→ AIM OF THE EXERCISE: Reproduce only the lines of the material below that start at the line containing "Kia Carnival 4세대 Noblesse, 2021 12" and stop at the line containing "Fiat 500L 1.6 Multijet diesel 2014". Keep both end lines.

→ PROVIDED INFORMATION:
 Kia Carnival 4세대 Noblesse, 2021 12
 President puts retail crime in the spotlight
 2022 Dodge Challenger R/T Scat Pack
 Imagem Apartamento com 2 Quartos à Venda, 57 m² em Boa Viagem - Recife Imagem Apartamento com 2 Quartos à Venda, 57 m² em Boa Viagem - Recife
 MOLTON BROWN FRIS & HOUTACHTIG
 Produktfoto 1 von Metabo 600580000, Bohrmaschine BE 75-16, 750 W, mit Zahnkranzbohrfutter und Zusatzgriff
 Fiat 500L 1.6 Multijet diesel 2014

---

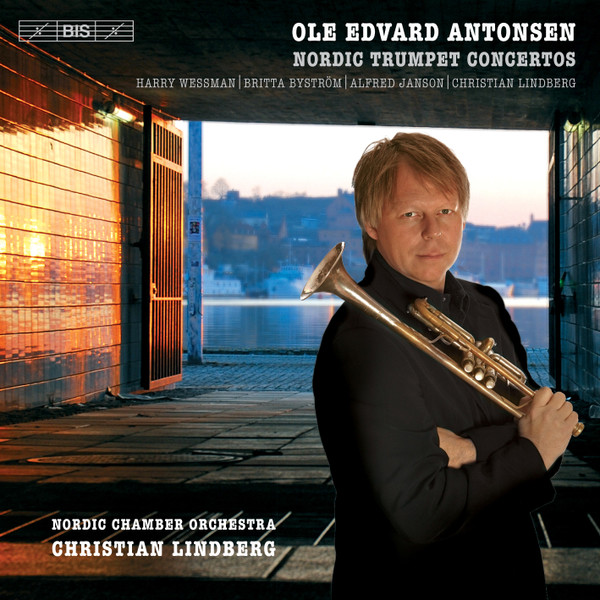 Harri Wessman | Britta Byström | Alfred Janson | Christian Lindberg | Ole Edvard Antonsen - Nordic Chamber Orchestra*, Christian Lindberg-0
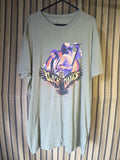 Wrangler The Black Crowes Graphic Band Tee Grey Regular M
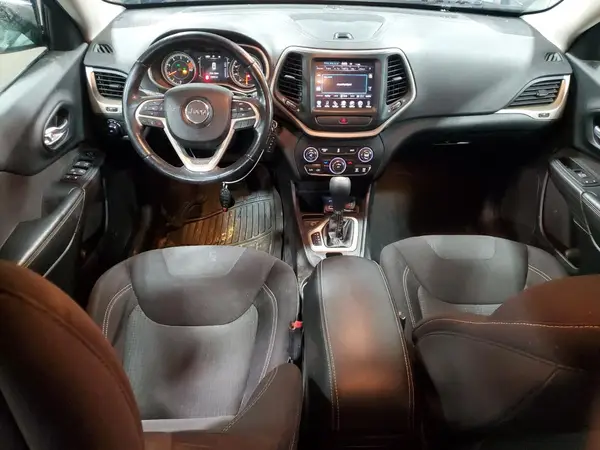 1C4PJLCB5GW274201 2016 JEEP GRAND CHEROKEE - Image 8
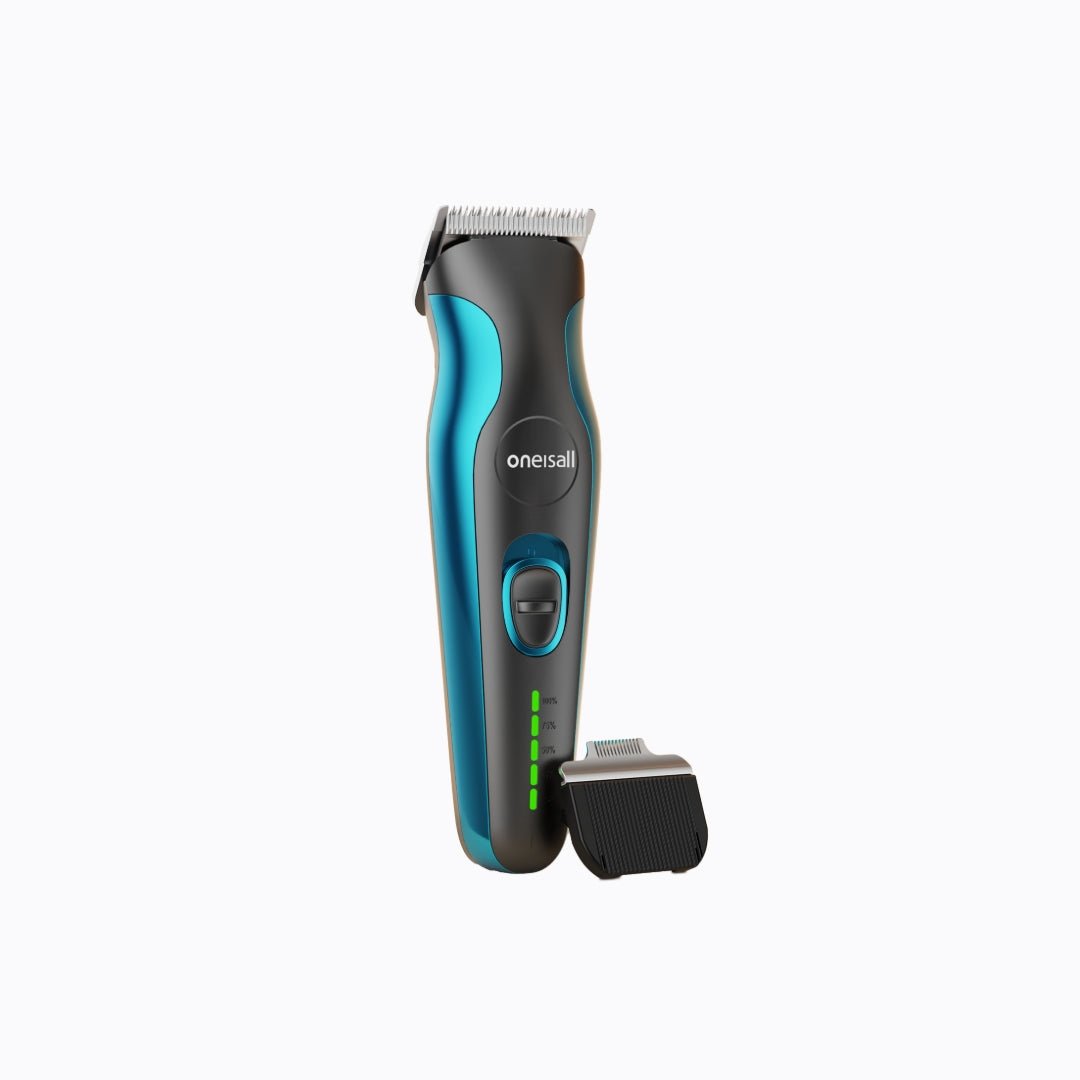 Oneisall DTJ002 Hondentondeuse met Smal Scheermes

* * *

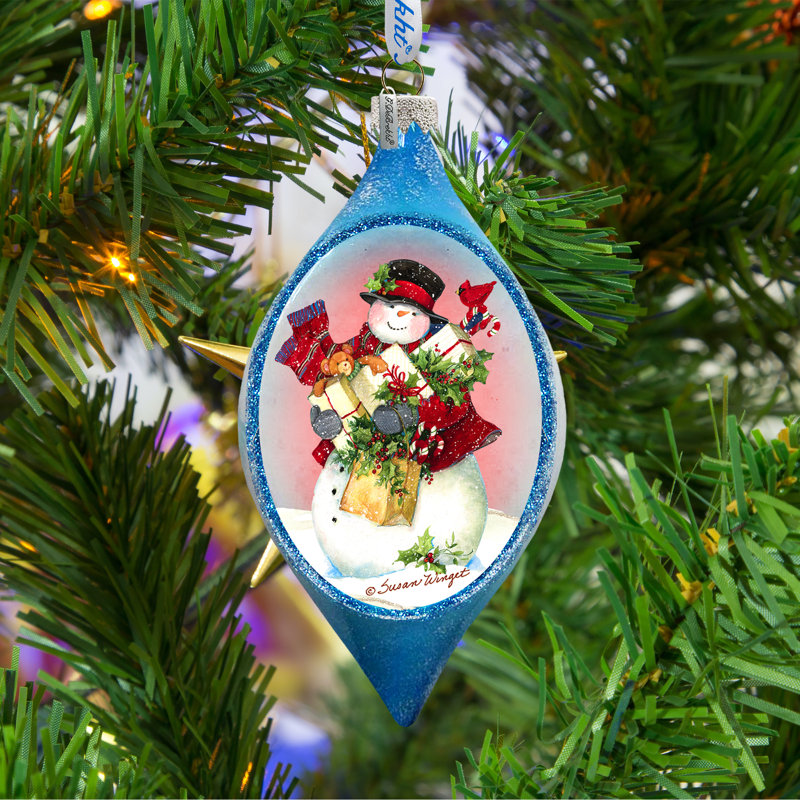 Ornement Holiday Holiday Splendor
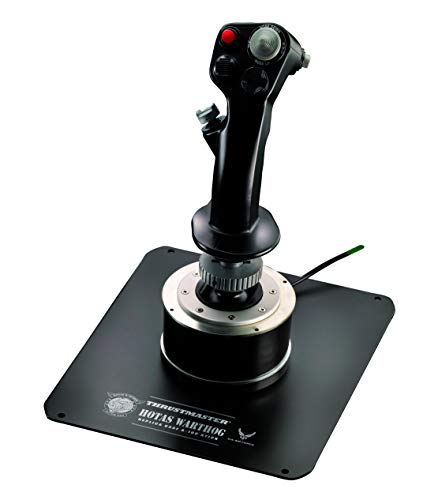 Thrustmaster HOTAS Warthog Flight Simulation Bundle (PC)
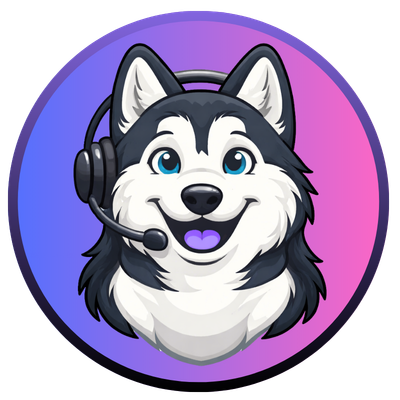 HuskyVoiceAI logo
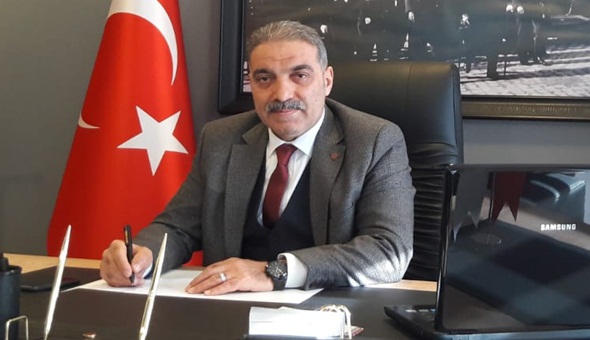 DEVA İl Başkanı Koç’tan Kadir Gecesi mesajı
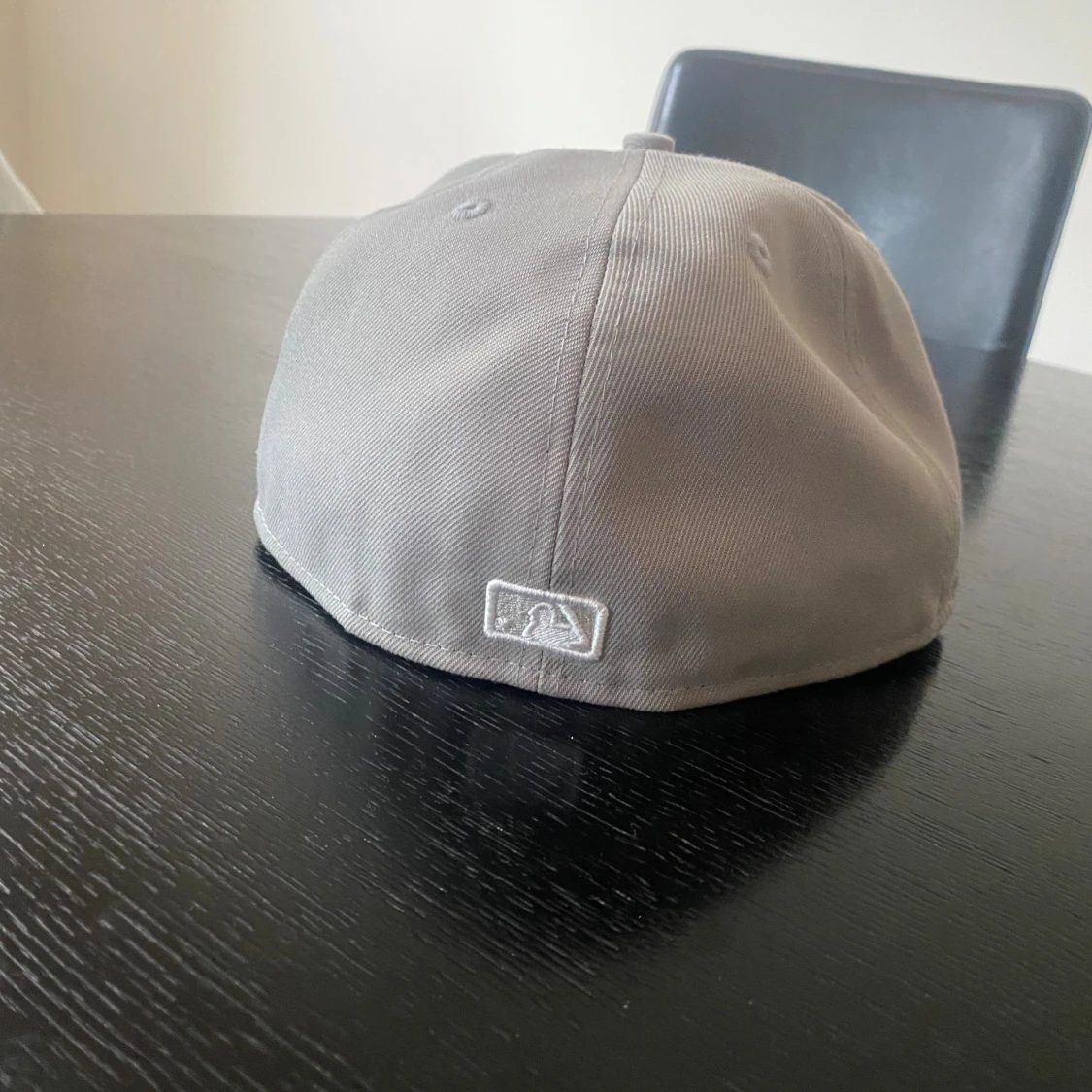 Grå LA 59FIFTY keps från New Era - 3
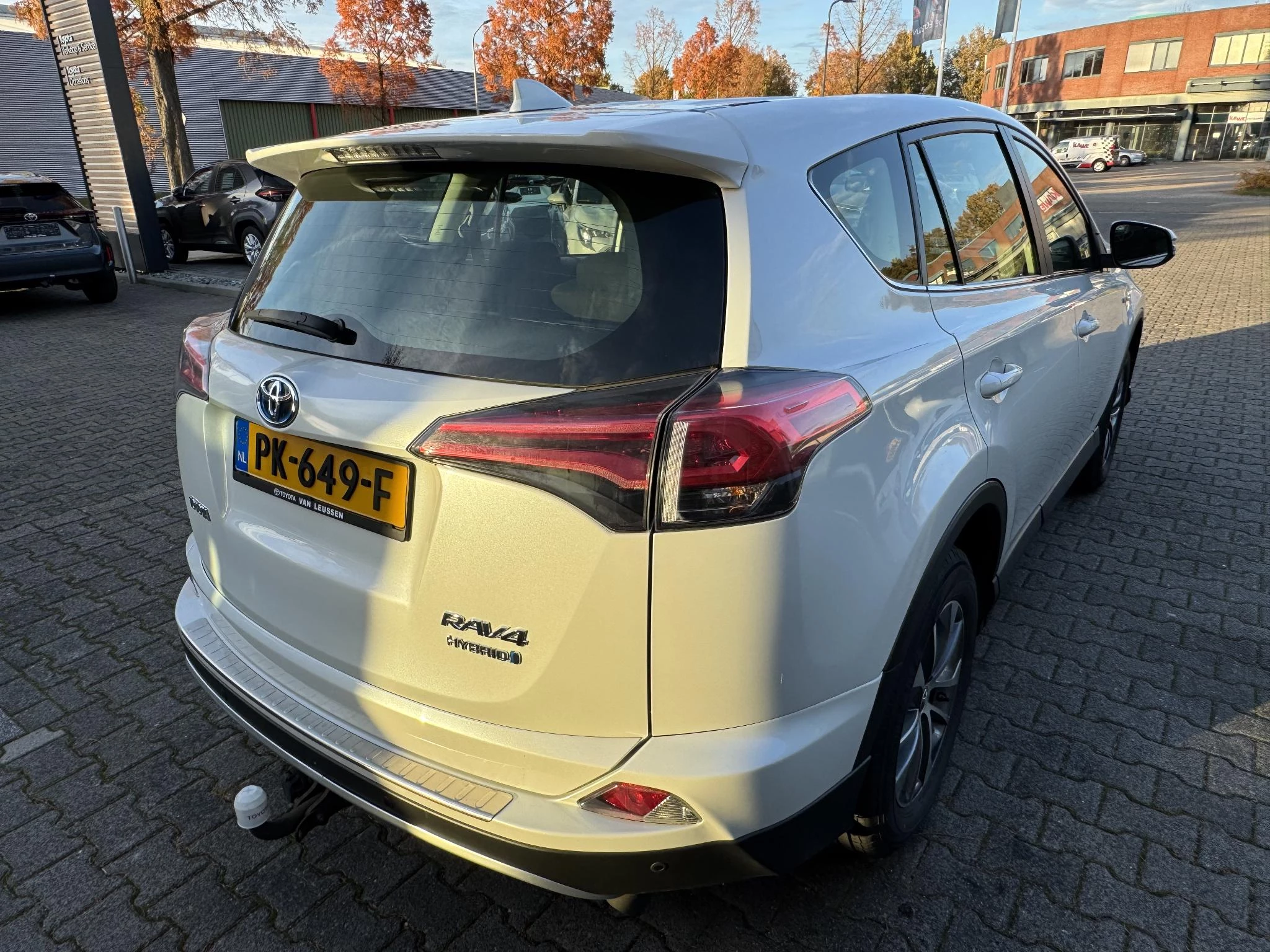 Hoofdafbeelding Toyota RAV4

→ SOLUTION BELOW:
 Kia Carnival 4세대 Noblesse, 2021 12
 President puts retail crime in the spotlight
 2022 Dodge Challenger R/T Scat Pack
 Imagem Apartamento com 2 Quartos à Venda, 57 m² em Boa Viagem - Recife Imagem Apartamento com 2 Quartos à Venda, 57 m² em Boa Viagem - Recife
 MOLTON BROWN FRIS & HOUTACHTIG
 Produktfoto 1 von Metabo 600580000, Bohrmaschine BE 75-16, 750 W, mit Zahnkranzbohrfutter und Zusatzgriff
 Fiat 500L 1.6 Multijet diesel 2014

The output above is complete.